I never went to uni and at the time I left school, most didn't. My sister has had a very successful teaching career, in the UK, Hong Kong and Australia. She went to a teachers training college, which no longer exist. Recently she was contacted and told her generation were all going to be awarded honorary degrees, because at the time, when they completed their training, degrees weren't awarded.
I used to interview for posts in the team I managed as part of a 2/3 strong interview panel, eventually this was delegated, to a degree, to my managers for them to have sole responsibility to recruit the staff they were going to manage. The real reason for this delegation was that I used to find the process so depressing. I now have a hate of any of any degree which ends in the word, 'studies'!
We used a lot of scenario type questions, requiring the candidates to actually think about how they would apply themselves in certain situations, in many cases, with all these bright young things coming straight out of uni, we might as well have been asking how long it would take them to walk to the moon.

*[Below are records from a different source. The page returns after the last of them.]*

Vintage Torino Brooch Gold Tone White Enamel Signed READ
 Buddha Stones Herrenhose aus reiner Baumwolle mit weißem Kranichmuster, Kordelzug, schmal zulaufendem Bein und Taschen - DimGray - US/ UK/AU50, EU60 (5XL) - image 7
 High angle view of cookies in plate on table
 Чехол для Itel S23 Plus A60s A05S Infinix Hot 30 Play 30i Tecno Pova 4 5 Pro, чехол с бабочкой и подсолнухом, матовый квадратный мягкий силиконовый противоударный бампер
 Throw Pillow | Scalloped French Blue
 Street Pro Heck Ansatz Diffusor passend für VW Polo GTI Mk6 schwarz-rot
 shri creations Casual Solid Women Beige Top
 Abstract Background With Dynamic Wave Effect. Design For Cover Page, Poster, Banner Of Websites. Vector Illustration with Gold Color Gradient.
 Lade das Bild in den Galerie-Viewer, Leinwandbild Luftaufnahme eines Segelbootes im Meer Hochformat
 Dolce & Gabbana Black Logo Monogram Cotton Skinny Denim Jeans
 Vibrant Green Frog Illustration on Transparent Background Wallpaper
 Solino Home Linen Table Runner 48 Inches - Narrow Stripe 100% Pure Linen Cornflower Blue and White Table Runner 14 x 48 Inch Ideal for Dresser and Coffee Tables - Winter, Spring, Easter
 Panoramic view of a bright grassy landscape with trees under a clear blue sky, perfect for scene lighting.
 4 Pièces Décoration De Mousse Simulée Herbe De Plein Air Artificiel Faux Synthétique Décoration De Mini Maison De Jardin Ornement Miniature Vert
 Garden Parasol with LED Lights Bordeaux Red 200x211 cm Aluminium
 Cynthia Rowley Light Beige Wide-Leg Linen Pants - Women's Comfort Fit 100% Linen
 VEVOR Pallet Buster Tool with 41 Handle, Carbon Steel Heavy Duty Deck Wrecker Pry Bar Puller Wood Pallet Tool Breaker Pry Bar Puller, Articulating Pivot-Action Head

So many just seemed vacant, completely empty where it matters, despite having a detailed overview about the nature of our work and a job description and spec.
To be honest, whatever degree they had wasn't important, it wasn't even a requirement, although a knowledge of law was helpful, it was just that almost all candidates of a certain age had been to uni and quite frankly, 90% of them were a waste of time.
So based on my experiences, I'm all for bringing back alternatives to attending uni as some sort of catch all.